We expect that this dedicated head and neck PET imaging system will deliver the following new
capabilities: i) detection and evaluation of small lymph nodes, ii) improved treatment planning
and determining the extent of the tumor growth, and iii) improved confidence in differentiating
post-treatment change from tumor recurrence. The system will consist of two panels and have
an adjustment for panel-to-panel separation distance. Each panel contains 150, 4x4x0.5 cm3
cross-strip CZT crystals covering a 20x15 cm2 panel area. The crystals will be mounted in an
edge-on configuration for increased photon detection efficiency. A novel event recovery scheme
based on the 3D position sensitive cross-strip crystals will be developed to recover multiple
interaction photon events, reject random events, and significantly increase the photon sensitivity
of the system.

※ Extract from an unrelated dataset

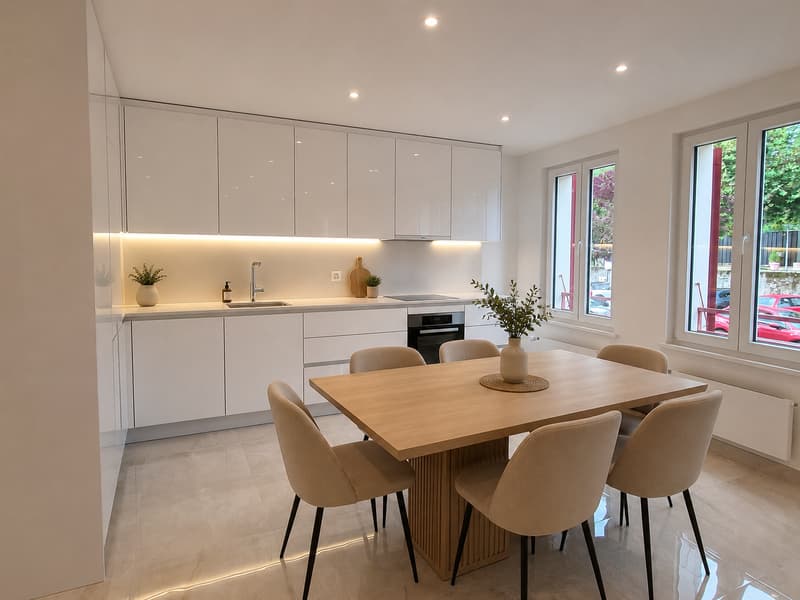 Magnifique appartement de 4 pièces entièrement rénové, idéalement situé (2)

In the final year of the project, a study consisting of 20 patients will be conducted
to evaluate the performance of the developed prototype and validate the potential benefits.

## Key facts

- **NIH application ID:** 10198923
- **Project number:** 5R01EB028091-04
- **Recipient organization:** UNIVERSITY OF CALIFORNIA SANTA CRUZ
- **Principal Investigator:** Shiva Abbaszadeh
- **Activity code:** R01 (R01, R21, SBIR, etc.)
- **Funding institute:** NIH
- **Fiscal year:** 2021
- **Award amount:** $497,901
- **Award type:** 5
- **Project period:** 2018-09-30 → 2024-06-30

## Primary source

NIH RePORTER: https://reporter.nih.gov/project-details/10198923

## Citation

> US National Institutes of Health, RePORTER application 10198923, High spatial resolution dedicated head and neck PET system based on cadmium zinc telluride detectors (5R01EB028091-04). Retrieved via AI Analytics 2026-05-26 from https://api.ai-analytics.org/grant/nih/10198923. Licensed CC0.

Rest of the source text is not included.